-- Excerpted data --
----------

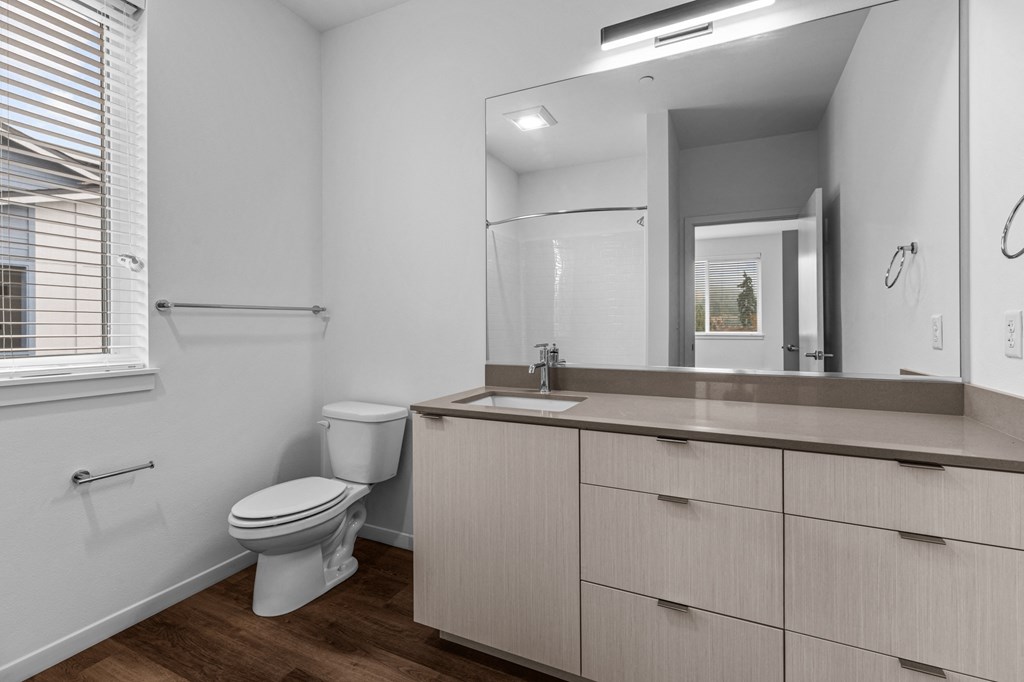 a bathroom with a toilet and a sink and a mirror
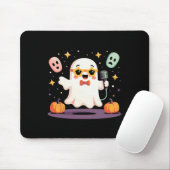 Spooky Halloween Ghost Singer Star met microfoon Muismat (Met muis)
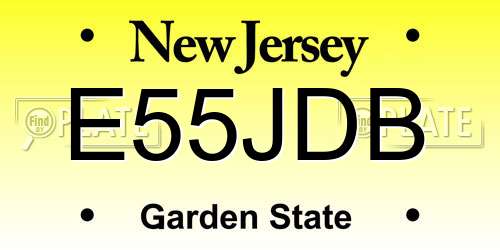 E55JDB New Jersey License Plate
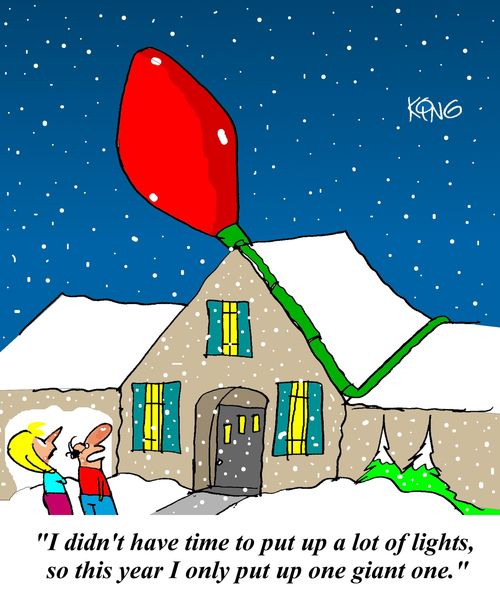 'I didn't have time to put up a lot of lights, so this year I only put up one giant one.'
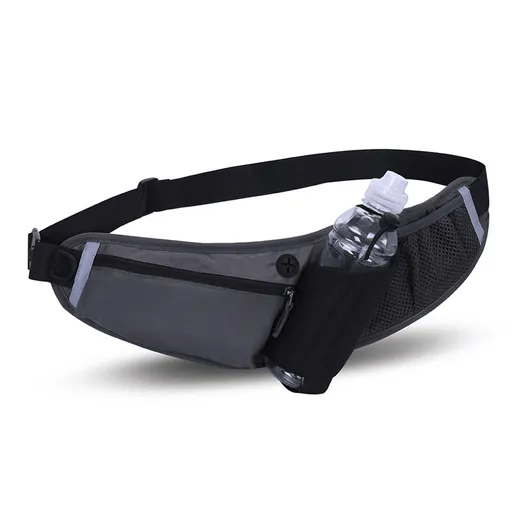 Black Adjustable Large Capacity Outdoor Sports Running Waist Pack(Waistline 70-160CM) - Multifunctional Marathon Pouch With Water Bottle Holder & Headphone Exit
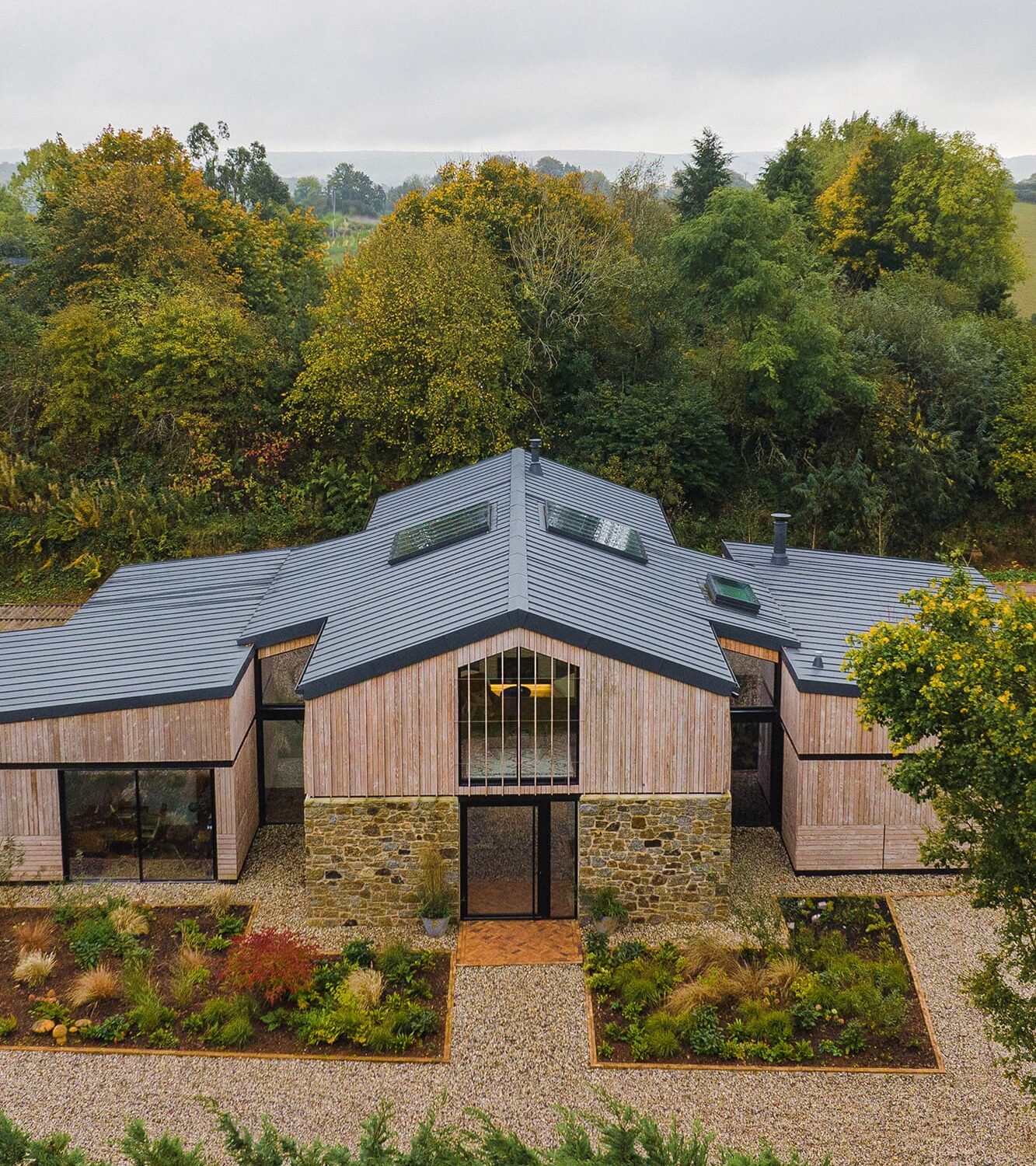 Aerial exterior of Higher Dorsley Barn Conversion in South Hams, Devon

----------

-- Exercise --
The finished answer is an exact repetition of the listing, with every picture removed.

-- Exercise result --
 a bathroom with a toilet and a sink and a mirror
 Spooky Halloween Ghost Singer Star met microfoon Muismat (Met muis)
 E55JDB New Jersey License Plate
 'I didn't have time to put up a lot of lights, so this year I only put up one giant one.'
 Black Adjustable Large Capacity Outdoor Sports Running Waist Pack(Waistline 70-160CM) - Multifunctional Marathon Pouch With Water Bottle Holder & Headphone Exit
 Aerial exterior of Higher Dorsley Barn Conversion in South Hams, Devon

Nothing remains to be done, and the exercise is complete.